There had been one other, though, she reminded herself thinking she had at least some experience in the matter – something that Patrick incessantly inferred that she did not. Anyway, she liked to think there might have been something to it - but in the
end, he had preferred someone else. He would otherwise have been nearly perfect. His name slipped out of her mind… God how she hated that! It made her worry that she might be losing her edge if not her mind. She remembered the essentials if not his name: not a bad looking man, dark eyes, good build, and tall for an Asian. He was a linguist studying at the
School of Fine Arts
up at Harvard. He was fully versed in ten languages, all of the base European, and many Asian. With all that command of language, you would have thought he would have a lot to say but the truth was he rarely spoke, which made him just about perfect. He was one of the quietest men she had ever met – a rare find. They had met at a party and they had – or, rather, she had - talked all evening, she winding up the evening with a full revelation of her love for differential equations and he smiling politely all the while. She dreamed about him for a while, the mere thought of him like a pulse of warmth inside her. She imagined she was in love; she was a woman, he was a man; it was natural she should feel something like that toward someone who was obviously so compatible. It was biological, an involuntary impulse, like blushing; something inherited from the animal kingdom, she knew.

The woman he ultimately ended up with was a friend of hers, one of the few women who, like Ashleigh, graduated with a
PhD from the Hopkins
School of Engineering
that same year. He preferred female Engineers, it seemed.

 

“What about you?” she asked Patrick, unable to remove the sarcasm from her voice, instantly frustrated by her inability to control even that. But Patrick had merely shrugged and, unlike him, seemed reluctant to provide detail. “It was a long time ago,” he'd said only; “I was just a boy,” and he’d held his hand waist high above the gravel path they had been walking along.

Eventually he told her. His family and many others had to run from their native Rhodesia
, when the new government of Zimbabwe enforced the redistribution of the land. Most went to South Africa, many returned to England; some emigrated to the United States and Canada. His girlfriend's family had decided to stay and he hadn't heard from her since. From the news that came out of Rhodesia in those days, he was pretty sure she was dead.
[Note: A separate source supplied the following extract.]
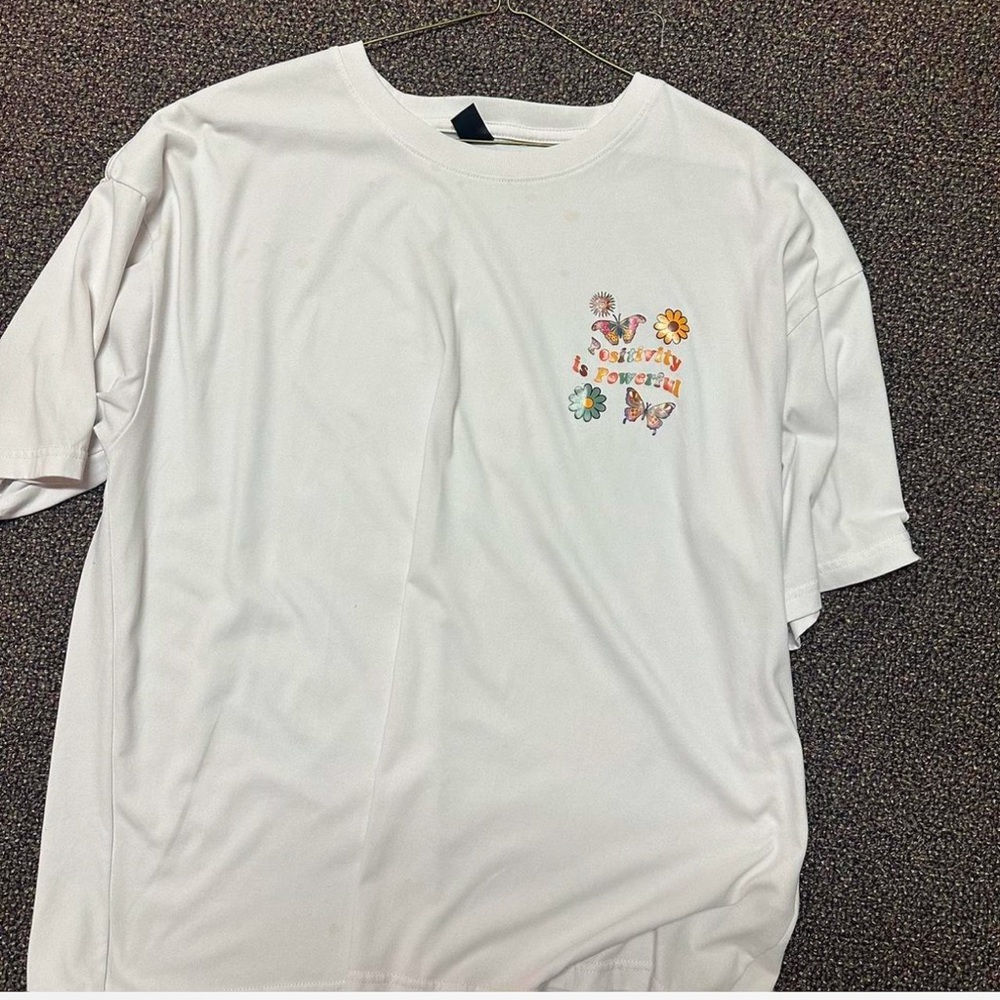 “Positivity is powerful” slogan and floral print t-shirt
Her name was Kristin; he'd been seventeen, she sixteen. “What makes you think she's dead?” she'd asked but he wouldn't say.
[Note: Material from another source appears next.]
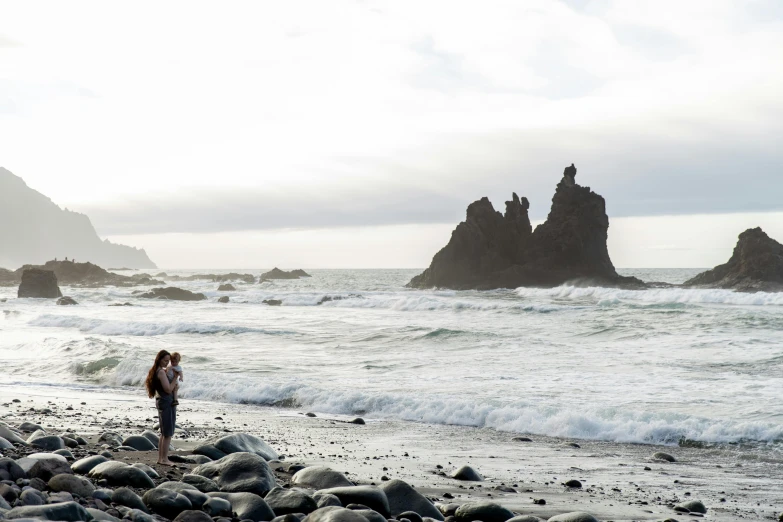 a woman standing on a rocky beach next to the ocean, majestic spires, black sand, family photo, seen from afar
The thought of Patrick being in love
with someone, other than herself, bothered her a bit. It was silly – more than silly; it was impossible and ridiculous - but she could clearly imagine his sixteen-year-old girl friend. Very few of her dreams are as vibrant as her imagination – funny how that is. Most of her dreams were in black and white, consisting of nothing more than a confusing jumble of silliness. But she could see Kristin clearly in her mind’s eye: she had blond hair pulled back against flashing green eyes, a small nose, a sensitive mouth, brilliantly white teeth, and, of course, perfect skin that would be deeply tanned since she was a country girl and would therefore be outside a lot. She imagined Patrick kissing her behind the corncrib – or if not a corncrib whatever dwelling was needed to support the type of agriculture they practiced. She could see her leaning back against the whitewashed boards as he leaned shyly into her, kissing her gently, shyly, and she returned his kisses, again and again, her pretty chin rising and falling as she carefully placed each returned kiss. He held himself off her with one arm held up, palm flat against the boards, setting the pace, kiss after gentle kiss.